» **Supplied information**
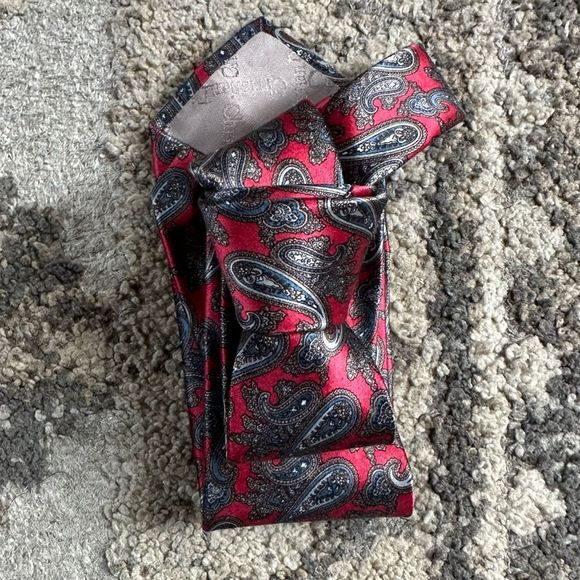 Christian Dior Red Paisley All Silk Tie Vintage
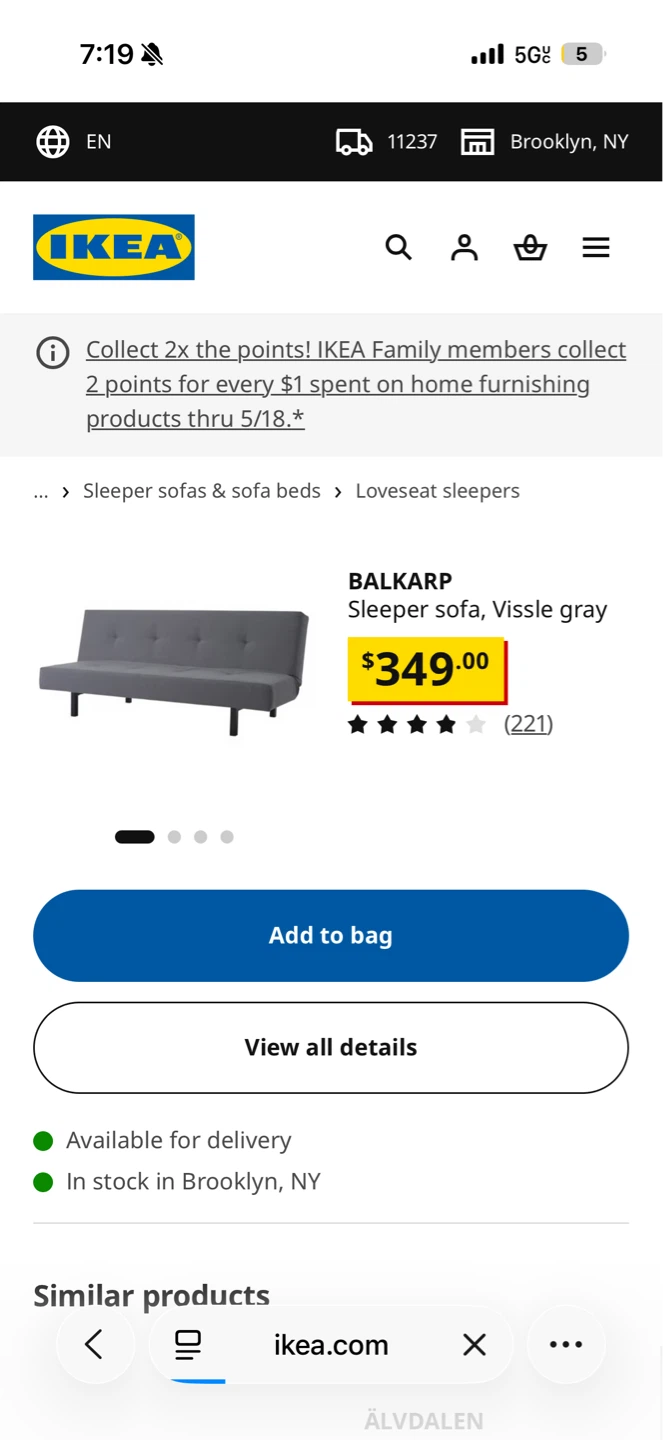 IKEA BALKARP Sleeper sofa, Vissle gray
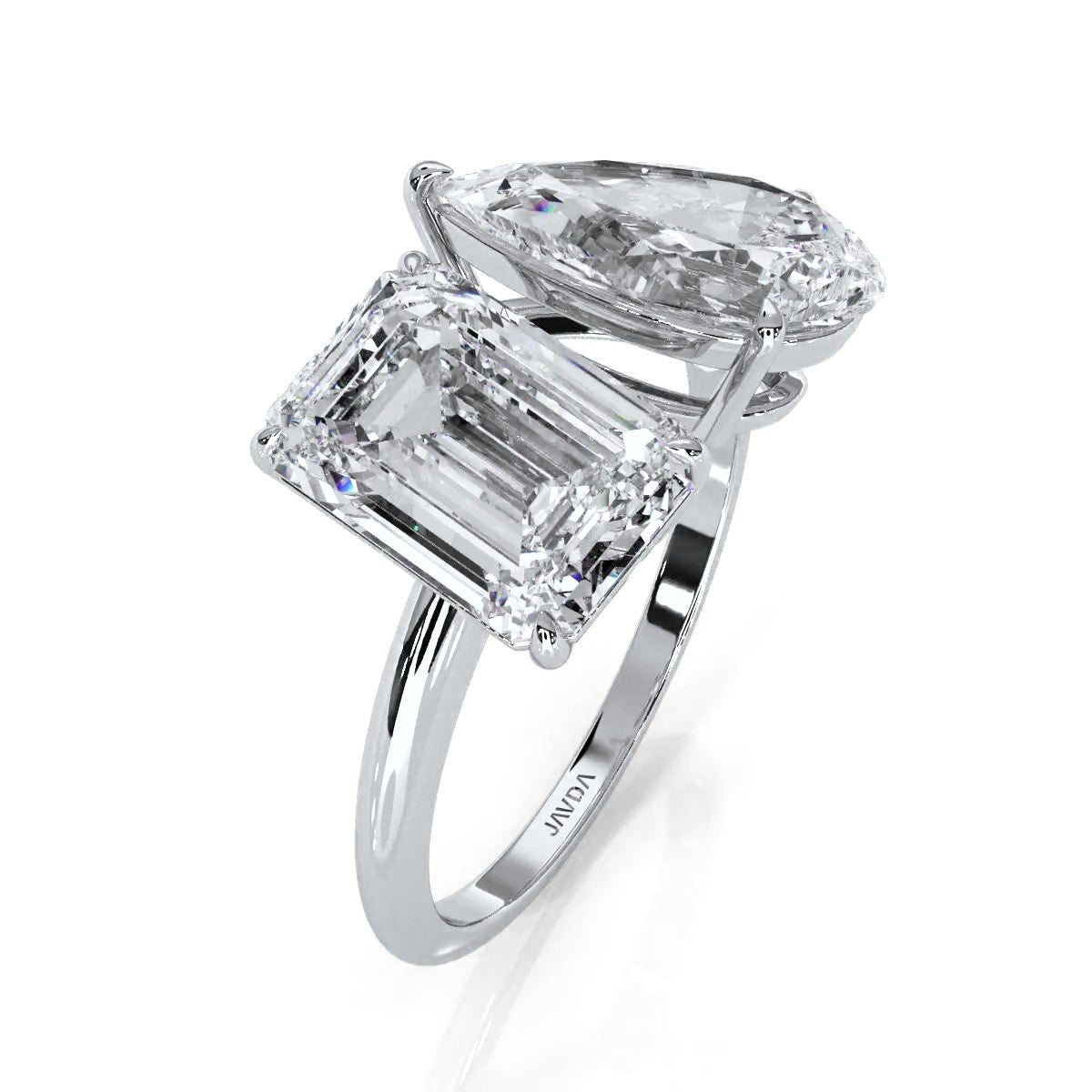 2 Stone Emerald Pear Cut Diamond Engagement Prong Set Ring 14k White Gold 4.63 Ctw.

» **Task objective**
Transcribe the material exactly, leaving every picture out.

» **Answer space**
 Christian Dior Red Paisley All Silk Tie Vintage
 IKEA BALKARP Sleeper sofa, Vissle gray
 2 Stone Emerald Pear Cut Diamond Engagement Prong Set Ring 14k White Gold 4.63 Ctw.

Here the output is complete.